# Magia por categorías > Magia Infantil >  Agua en la revista ó periódico

## Dow

tengo el juego agua en la revista... imagino que lo conoceis... y se me ocurre una presentación para adultos... decir que estaba en el parque con mi revistita y mi cervecita... se acercó la policía y no tuve otra salida que meter la cerveza en la revista, ellos me preguntaban, yo no sabía nada del botellín o lata... me piden la revista e imito al policía... abriéndo la revista, dándole la vuelta... sin caerse nada, me devuelven la revista, se van los policías, y hecho la cerveza en un vaso... pero lo malo es... quiero una presentación para niños y no se me ocurre!!! alguna idea? no quiero copiarla, sino aprender un poco y tal... gracias de ante mano.

salud!

----------


## dine87

podrias decir q orinaron en el diario jaja!

----------


## Dow

dine87 dijo: 


> podrias decir q orinaron en el diario jaja!





 :shock:

----------


## pablo de oz

podrias...no se preparar una chocolatada...te vistes de cocinero, mesa mediante sacas el polvo de chocolate, el azucar, la leche, en fin cuchara todo lo necesario...y dices que necesitas una..."licuadora?", tal vez para preparar el batido...pero que viendo un catalogo de compras no te has decidido ahun por ninguna...en finpones todo , bates (vualtas, etc...) y chocolatadaen vaso con air borne incluido, hacer aparecer los ingredientes, en vez de revista, el clasico cucuruchop y confeti...

suerte!!!

pd: buena la idea de la cerveza !!!

----------


## El_caos

> podrias decir q orinaron en el diario jaja!

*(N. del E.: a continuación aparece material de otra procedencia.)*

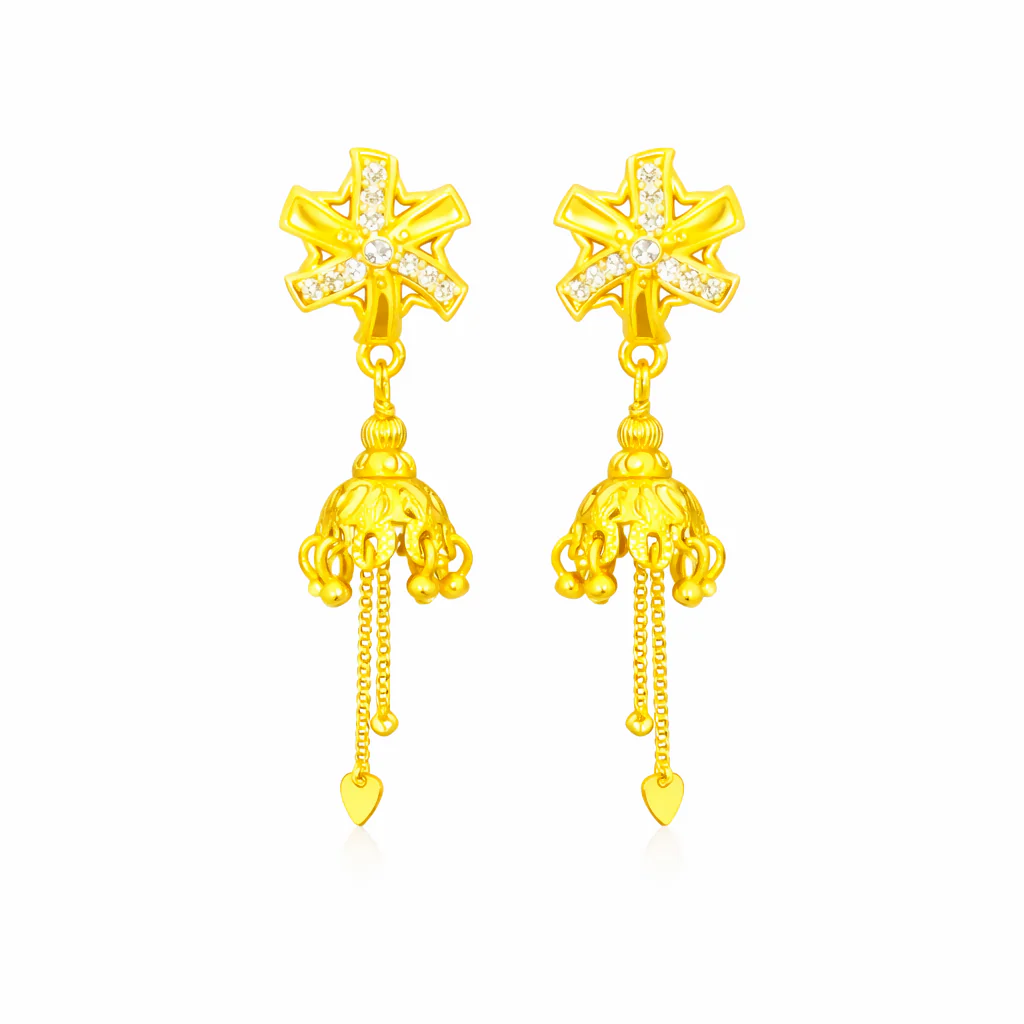 Gold Plated Cross Design Stud Jhumki Earrings - Image 3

eeesssstttteeee,,,,mmmmm :roll:   :Wink:   :!: ,, sin comentario,,,,,,,


uffff,,, una cosa pablo de oz,,,, al final no te comprendi muy bien me he mareado un poco pero lo medular creo comprenderlo.....  8)

----------


## Dow

jejeje, pablo de oz, me ha gustado tu idea, muchas gracias... pero lo veo muy complejo... pero se me ha ocurrido sustituirlo por una limonada, no? un poco de agua, limón, y azucar... probaré a ver qué tal sale... pegaré en la revista, en una de las páginas, alguna página de algún catálogo donde hubieran cocteleras o batidoras y tal... y diré que las usaré para hacer la limonada, muy ingeniosa tu idea pablo! jejeje


salud! y gracias!

----------


## Pauliyaso

Porque no te preparas una rutinacion musical sin hablar nada?La magia con musica es bastante efectiva con el publico infantil,y si quieres hablar algo les dices que un dia pusistes la tele y que vistes a un mago hacer esto con agua y una revista etc etc etc.

----------


## Dow

mmm cierto, también puede ser, probaré ambas cosas, y a ver cuál me gusta más... y cuál le gusta más a mi "público de prueba"... tendré que buscar una cancioncilla alegre y tal, badabadín, y eso... gracias!


salud!

----------


## pablo de oz

a ver sin pensar mucho...

si, con musica...Italiana (clasica de cocina)...

-musica---
- te vas vistiando de cocinero (traje, delantal , gorro, bigote...)
- sacas una licuadora o mezcladora de coctail.
- libro (de colores) con "recetas"...
- te detienes en la limonada o chocolatada...o licuado de manzana.
- para el ejemplo licuado de manzana...
- sacas una manzana
- la perforas y haces el viaje de la seda de mano a manzana con sevilleta.
- pones los trozos en licuadora y todos los elementos y licuas...
- buscas el vaso (si te dan uno te niegas y haces el gesto de mas grande
- vuelves al libro de "recetas"...
-te detienes en la pagina donde hay dibujado un vaso
- cierras y vuelcas al libro (de colores)...mezcla..."diario de la leche"...
- abres las paginas y todo se ha borrado...
- te sacas el bigote (triste....que la musica acompañe)
-te sacas el gorro
-te sacas el delantal
-y cuando te sacas la chaqueta blanca....de la ultima manga aparece un vaso de cristal (o no) con el licuado de manzana que te bebes y esperas los aplausos...

bien?....

a esto ahora hay que pulirlo....a por la rutina...!!!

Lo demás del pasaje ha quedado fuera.